In August 2004, we entered into an agreement with Millennium to license certain exclusive rights to research, develop and commercialize certain compounds that inhibit Factor Xa, including Bevyxxa. The license agreement requires us to make license fee, milestone, royalty and sublicense sharing payments to Millennium as we develop, commercialize or sublicense Bevyxxa. The license agreement will continue in force, on a country-by-country basis, until the expiration of the relevant patents or ten years after the launch, whichever is later, or termination by either party pursuant to the agreement. This license agreement may be terminated by either party for the other party’s uncured material breach. In addition, we may terminate this agreement for convenience with 30 days’ advance written notice.

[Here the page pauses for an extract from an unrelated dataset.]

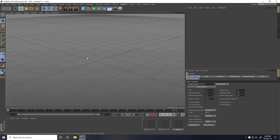Hey guys, welcome to Fur Tutorials. Today I create a new style of Voronoi fracture in Cinema 4D. I use Cinema 4D R19.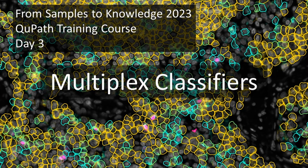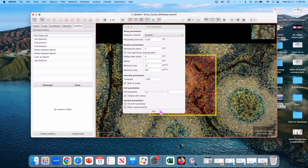What we're doing here is multiplex classification. Fundamentally, if you've got an immunofluorescence image with a bunch of channels, how do you find your single-level triple positives?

Under the agreement, milestone payments are determined based on the indication included in our filing and become payable upon acceptance of our new drug application, or NDA, and regulatory approval in the United States and Europe. In December 2016, the FDA accepted our NDA for Bevyxxa for extended-duration prophylaxis of venous thromboembolism, triggering a $2.0 million milestone payment to Millennium which is recorded as a research and development expense in our condensed consolidated statement of operations. In June 2017, Bevyxxa received regulatory approval in the United States, triggering a $5.0 million milestone payment to Millennium which is recorded as finite-lived intangible assets in our condensed consolidated balance sheet and will be amortized on a straight-line basis over the remaining estimated patent life. Amortization expenses were $141,000 for the three months ended March 31, 2018.  These amortization expenses were recorded as cost of sales.  Should Bevyxxa receive regulatory approval in Europe, another $5.0 million will become payable to Millennium by us.  Future net product sales generated by us will be subject to a tier royalty ranging between 2% and 8%. 

An additional $23.0 million in milestone payments would become due if Bevyxxa is approved for other indications specified in the agreement in the United States and Europe.

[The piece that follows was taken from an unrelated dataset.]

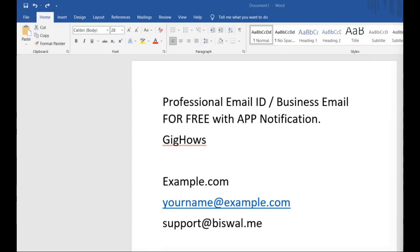Hello friends, welcome to my YouTube channel. Today I will show you how to create a professional or business email ID for free. Please watch this video till the end, even if you already have your own professional or business email, because I will also show you how to get notifications on your phone when you receive a new email to your professional or business email inbox.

Astellas Pharma, Inc. (“Astellas”)

In 2010, we amended and restated the license agreement we executed with Astellas in August 2005. The amended and restated license agreement provides us certain exclusive rights to research, develop and commercialize Syk inhibitors. Pursuant to the agreement, we may be required to pay Astellas up to $71.5 million in milestone payments upon the achievement of certain regulatory, approval and sales events for each Syk inhibitor we develop. Additionally, in the event that we enter into an agreement with a third party to develop and commercialize Syk inhibitors, we would be required to pay Astellas 20% of any payments (excluding royalties) received under the collaboration. These payments would be creditable against the aforementioned milestone payments. In addition, we are required to pay Astellas royalties for worldwide sales for any commercial Syk inhibitor product.

In December 2016, we out-licensed exclusive rights to cerdulatinib in topical formulation, excluding oncology, to Dermavant Sciences GmbH (“Dermavant”). Twenty percent of the milestone payments received from Dermavant are payable to Astellas. We recognized zero research and development expense in our condensed consolidated statement of operations for the three months ended March, 31, 2018 and 2017, respectively, associated with our payment obligations to Astellas.